O mais grave, como assinala o ouvidor Fernandes Neves, é que esses não são fatos isolados. Isso já “acontece há algum tempo, só que, agora, às vistas de toda a Nação. Esses PMs (os do caso Butantã) tiveram a infelicidade, para eles, e por felicidade do povo, de serem filmados”. Ele chama a atenção para dois aspectos principais do problema. Um é a constatação de que muitas denúncias contra policiais são arquivadas no Fórum da Barra Funda e de que, quando os denunciados vão a júri, muitas vezes o promotor pede a absolvição, o que, tudo somado, faz com que poucos sejam condenados. Em outras palavras, na prática é alto o grau de impunidade nos crimes pelos quais policiais são acusados.

O outro é a existência de um grupo de policiais que resolveu fazer justiça por conta própria: “Não dá para não acreditar que não exista um grupo organizado no Estado praticando essas execuções quando, no ano passado, tivemos 801 vítimas (em supostos confrontos com policiais). É uma coisa anormal, que escapa do bom senso de qualquer cidadão comum. Neste ano já não são mais de 400 vítimas, só em confrontos”?. Não admira que, por dizer o que diz, Fernandes Neves admita que sente medo de sofrer represálias.

Suas declarações são da maior gravidade. Têm de ser medidas e analisadas, com a seriedade que impõe sua condição de ouvidor da polícia, por todos os que têm uma parcela de responsabilidade nessa questão, a começar pelo governador Geraldo Alckmin.

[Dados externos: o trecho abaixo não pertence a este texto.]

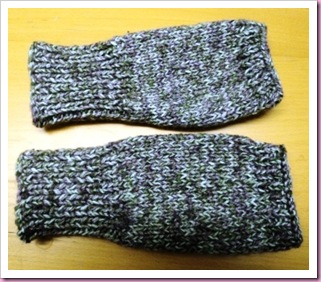 Easy Fingerless Mitts pattern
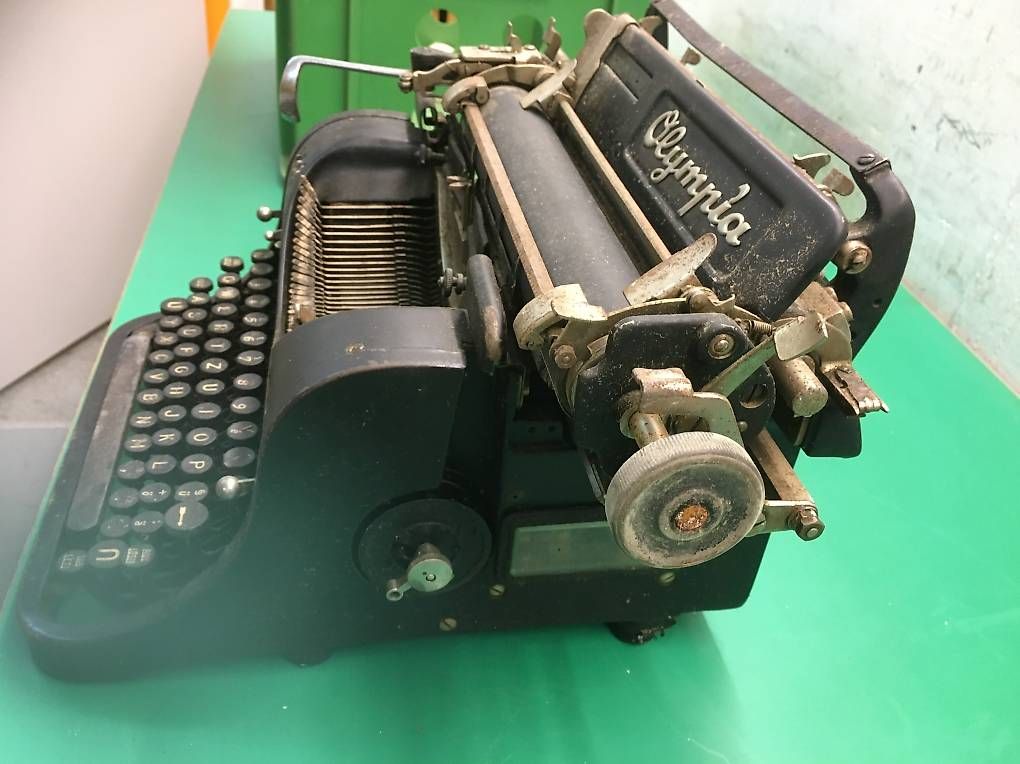 Macchine da scrivere: Schreibmaschine – Usato da Chur venduto da Tamaro1 1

O juiz Fernando Oliveira Camargo, do 5.º Tribunal do Júri, decretou a prisão de cinco policiais suspeitos de participar daquelas execuções e a Justiça Militar, a de outros seis, e mais quatro tiveram sua detenção administrativa determinada pela Corregedoria da PM. Felizmente, esse caso parece avançar. Já a elucidação da Chacina de Osasco e Barueri caminha a passos lentos. Um mês depois, apenas um suspeito de participar dela está preso, o PM Fabrício Emmanuel Eleutério, que já é investigado por 34 mortes em três anos. Como evidentemente uma tragédia daquela dimensão não pode ter sido ato isolado de um indivíduo, a força-tarefa montada para cuidar do caso está devendo uma satisfação à população.

O bom desempenho da polícia depende, em grande parte, da confiança da população. A instituição tem de ser implacável com suas ovelhas negras, para que a população não se sinta ameaçada por quem deve protegê-la. Não há pior bandido do que o policial que passa para o outro lado, porque comete crimes sob a proteção do Estado, pago e armado por ele.